**EXERCISE INSTRUCTIONS**:
The output should be the listing below, limited to the lines from the one with "Tub & Game Room" through the one with "Căciulă Reserved, Culoare", exact and without pictures.

**DATA EXTRACTS**:
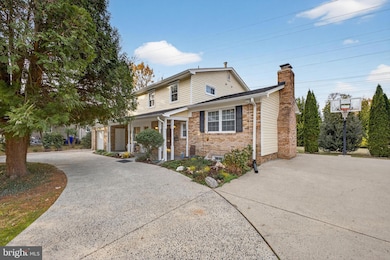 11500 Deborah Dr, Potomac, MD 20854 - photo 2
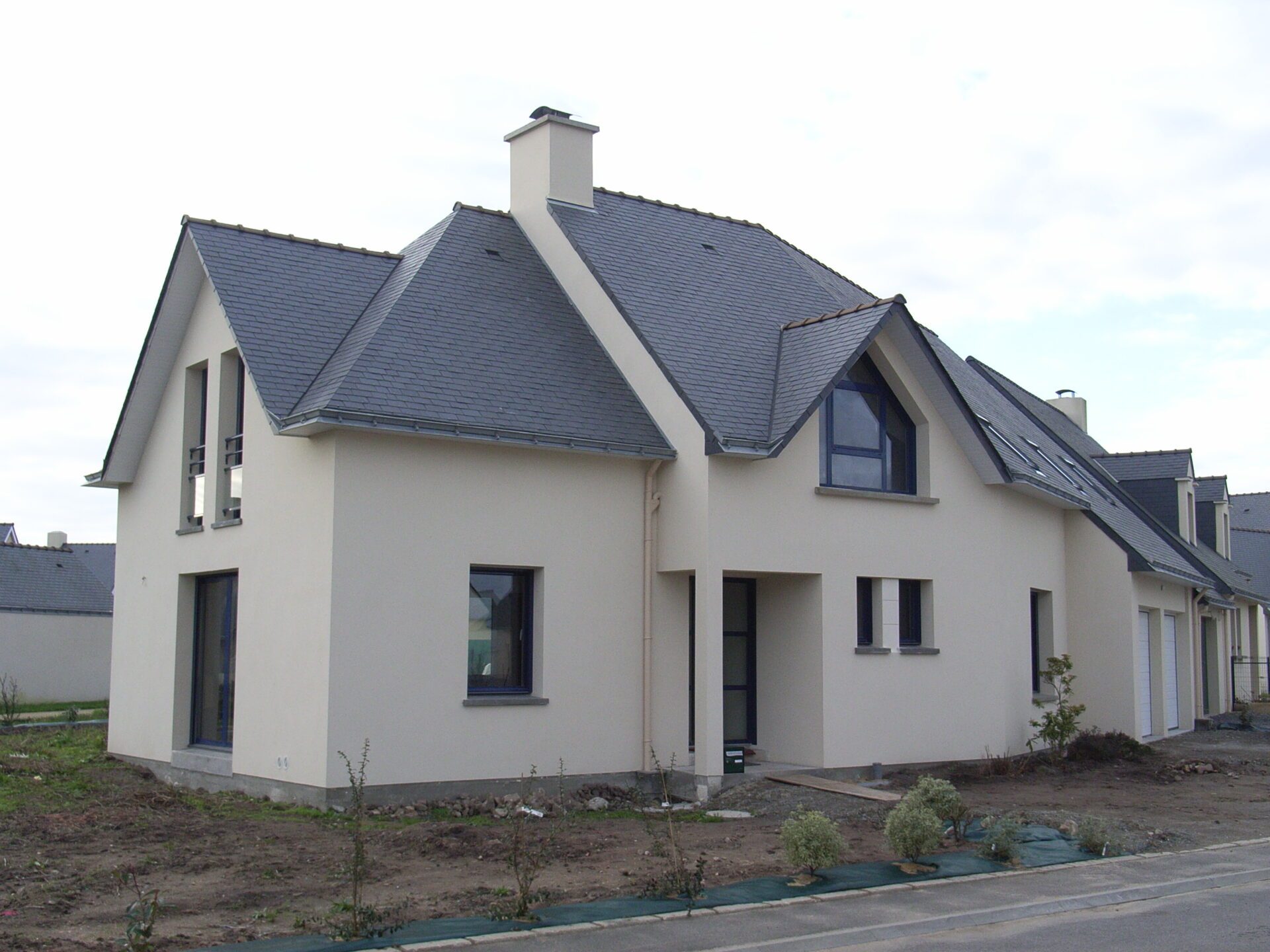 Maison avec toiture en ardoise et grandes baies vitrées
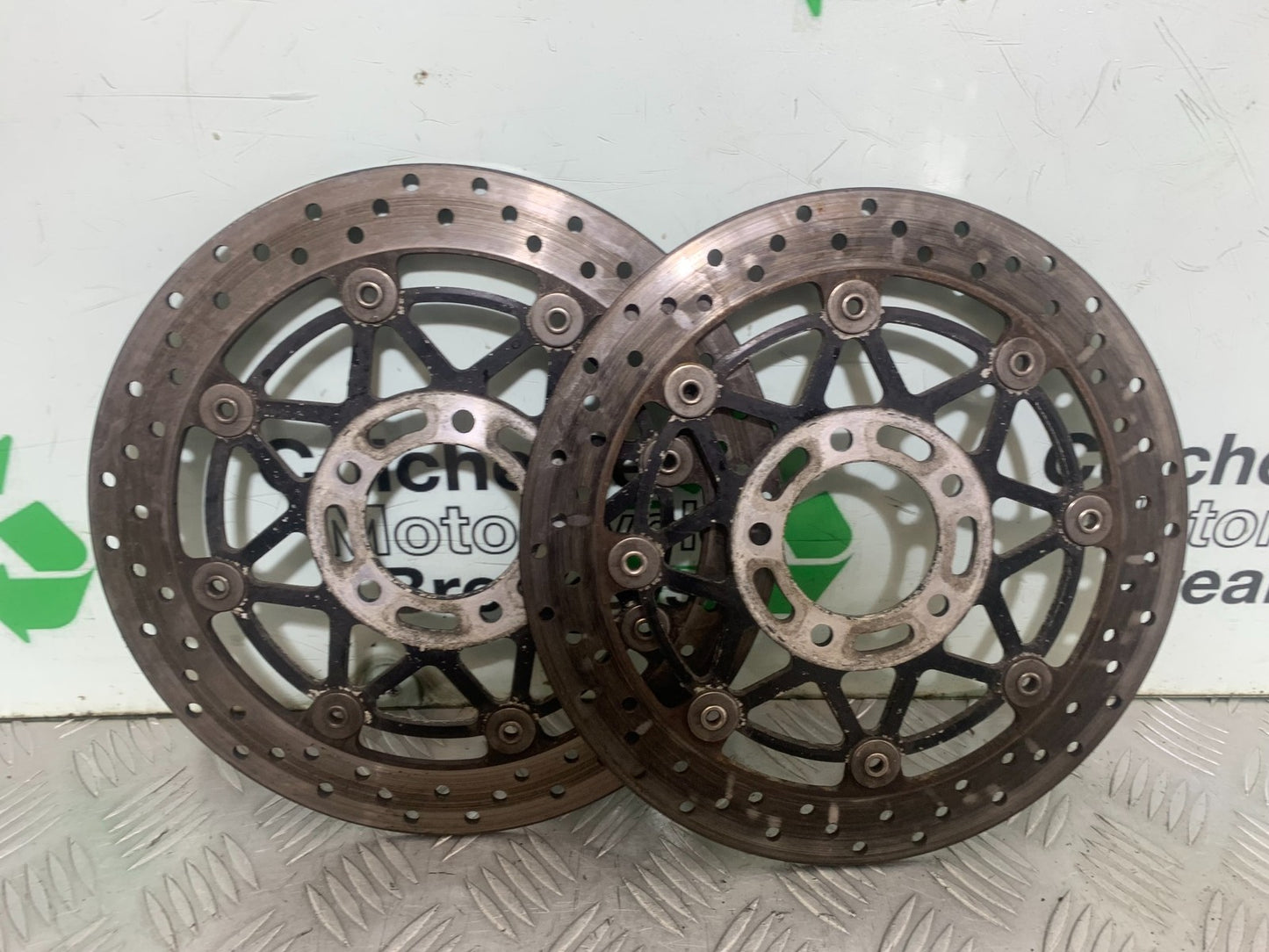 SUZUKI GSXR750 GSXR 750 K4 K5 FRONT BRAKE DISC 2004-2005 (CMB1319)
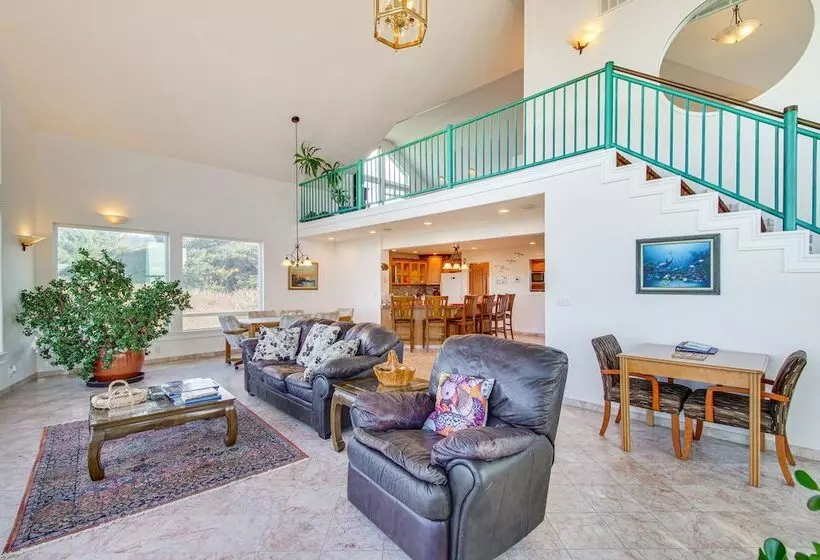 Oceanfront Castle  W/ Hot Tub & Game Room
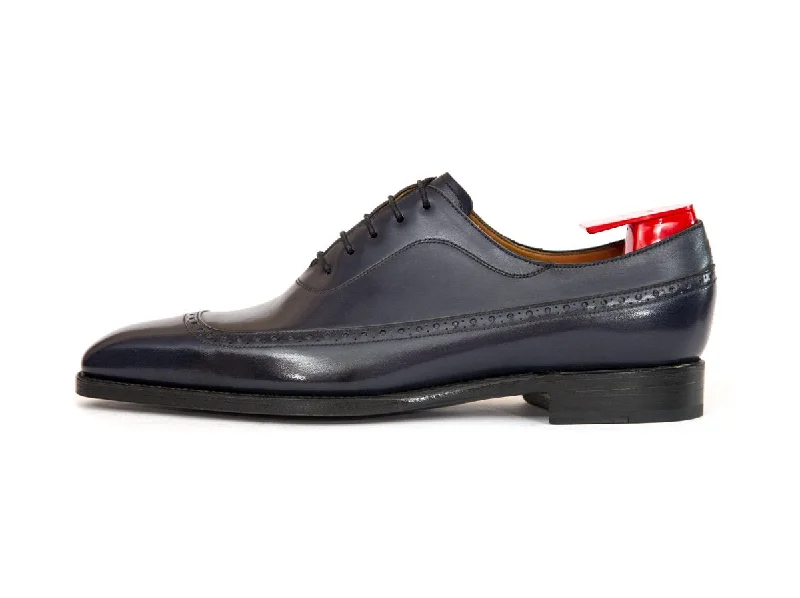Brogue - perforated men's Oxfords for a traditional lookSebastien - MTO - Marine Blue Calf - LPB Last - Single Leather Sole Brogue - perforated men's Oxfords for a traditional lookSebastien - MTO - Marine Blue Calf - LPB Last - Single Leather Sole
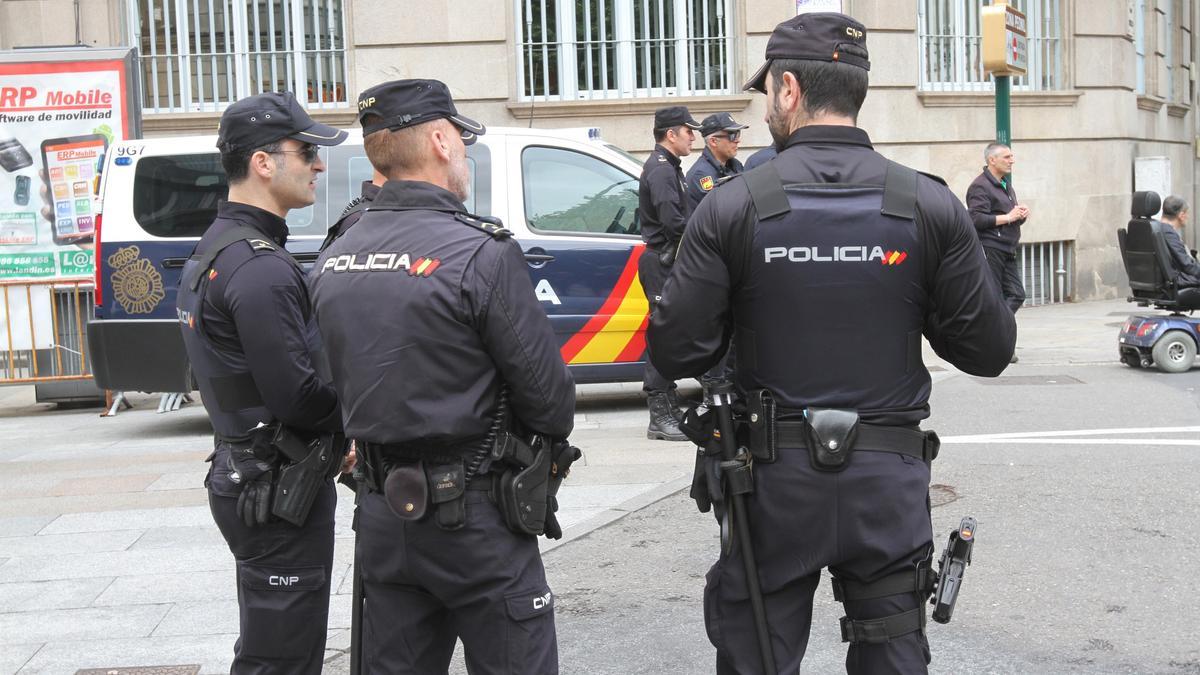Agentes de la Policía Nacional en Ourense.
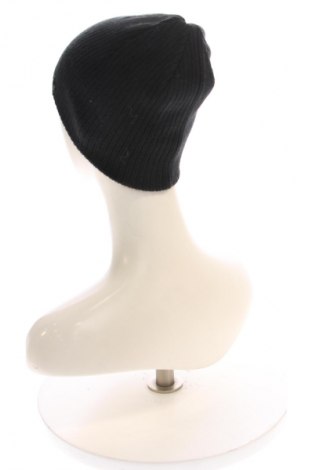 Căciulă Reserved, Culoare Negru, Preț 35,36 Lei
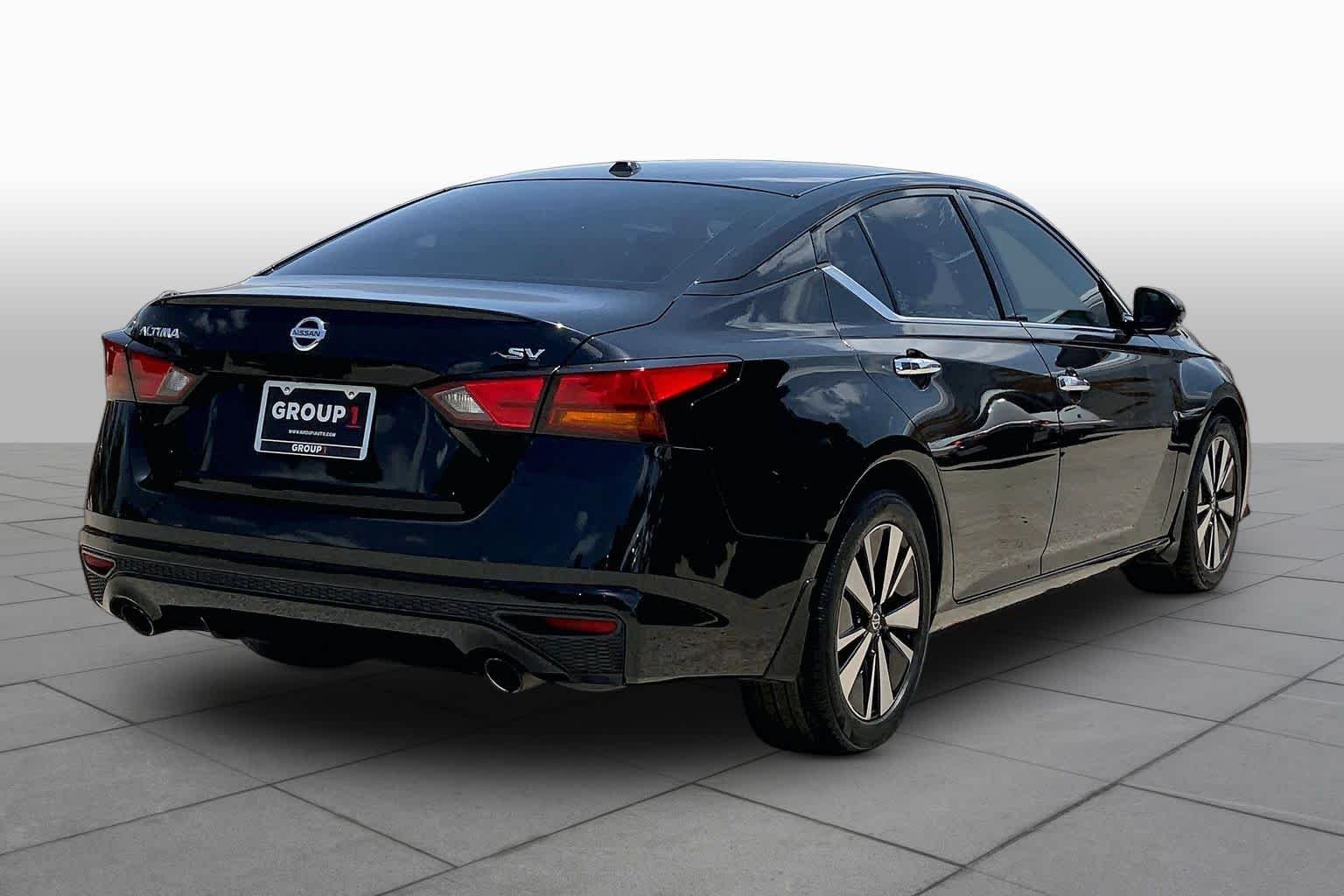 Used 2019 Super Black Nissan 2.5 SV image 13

**RESULT**:
 Oceanfront Castle  W/ Hot Tub & Game Room
Brogue - perforated men's Oxfords for a traditional lookSebastien - MTO - Marine Blue Calf - LPB Last - Single Leather Sole Brogue - perforated men's Oxfords for a traditional lookSebastien - MTO - Marine Blue Calf - LPB Last - Single Leather Sole
Agentes de la Policía Nacional en Ourense.
 Căciulă Reserved, Culoare Negru, Preț 35,36 Lei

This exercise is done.